Everything else is secondary, at the end of the day we are supporters and that is our passion, which is why we started and kept on following Newcastle United.

Back in the day we weren’t signing up to be protestors, activists, people who had to spend much of their waking hours worrying about the politics of Newcastle United.

Instead, this is what we have been landed with.

The 90 minutes of football needs to become more than just a welcome distraction once again at Newcastle United.

At one time you would go to the match, then afterwards talk about it with your family and friends, go into work or school or wherever and do the same, then before you knew it, you were heading up to St James Park.

Now though, Newcastle fans are trapped in a situation where football talk is pretty much restricted to only that 90 minutes.

When you get to the pub and/or home there is every chance that already you are back to talking about Mike Ashley.

Even talk of signings is now about players Newcastle won’t buy, rather than ones they might land.

There is little football and even less fun in following NUFC these days and it has to change.

Things have got so bad/extreme for many, that through the week countless fans are just as likely to be talking about how far the Sports Direct share price has fallen, as they are about what the players did or didn’t do in the last match.

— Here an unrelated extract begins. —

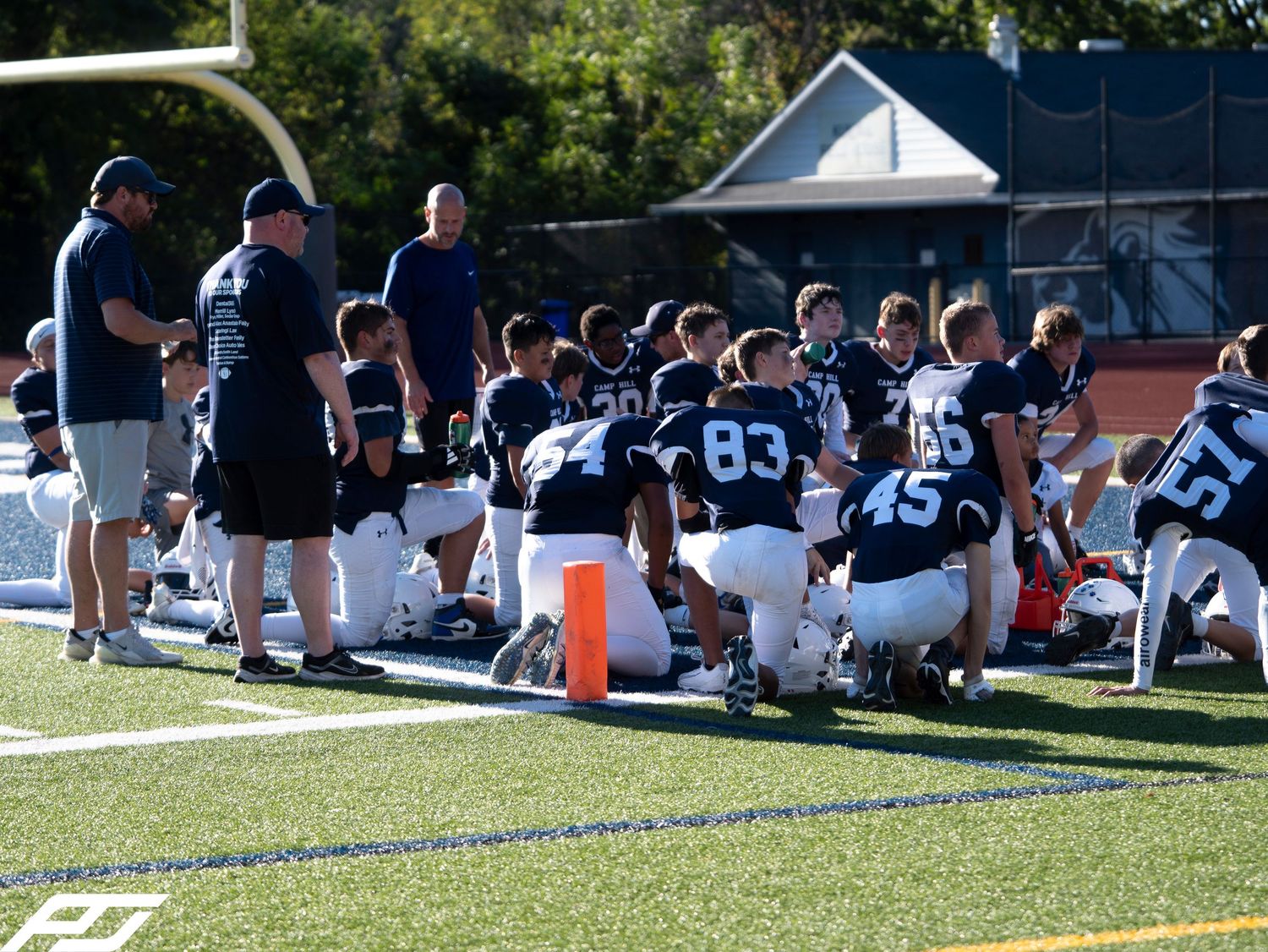 Youth football team in navy uniforms huddles with coaches on the sideline during a game timeout.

Pretty much every other Premier League club’s owner(s) will have other business interests but how often do the fans of those clubs talk about them?

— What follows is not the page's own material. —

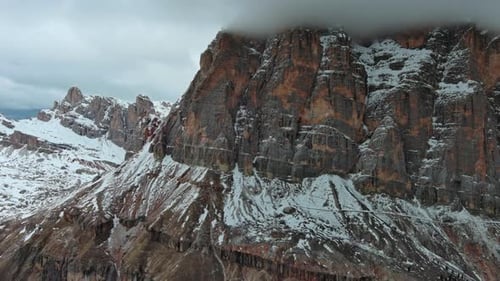Rocky Snow Mountains and Clouds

As Newcastle fans we haven’t chosen it to be this way, 11 years of free advertising for Mike Ashley’s retail empire have been at the heart of it, along with the eyesore that is St James Park with the trampy SD adverts everywhere.

Newcastle United are simply part of a retail empire and supporters have become part of Mike Ashley’s footfall. Unwilling customers that help to prop up the owner’s personal domain.

Mike Ashley is worried about people deserting the high street, that isn’t the only place they will be walking away from if he doesn’t sell up.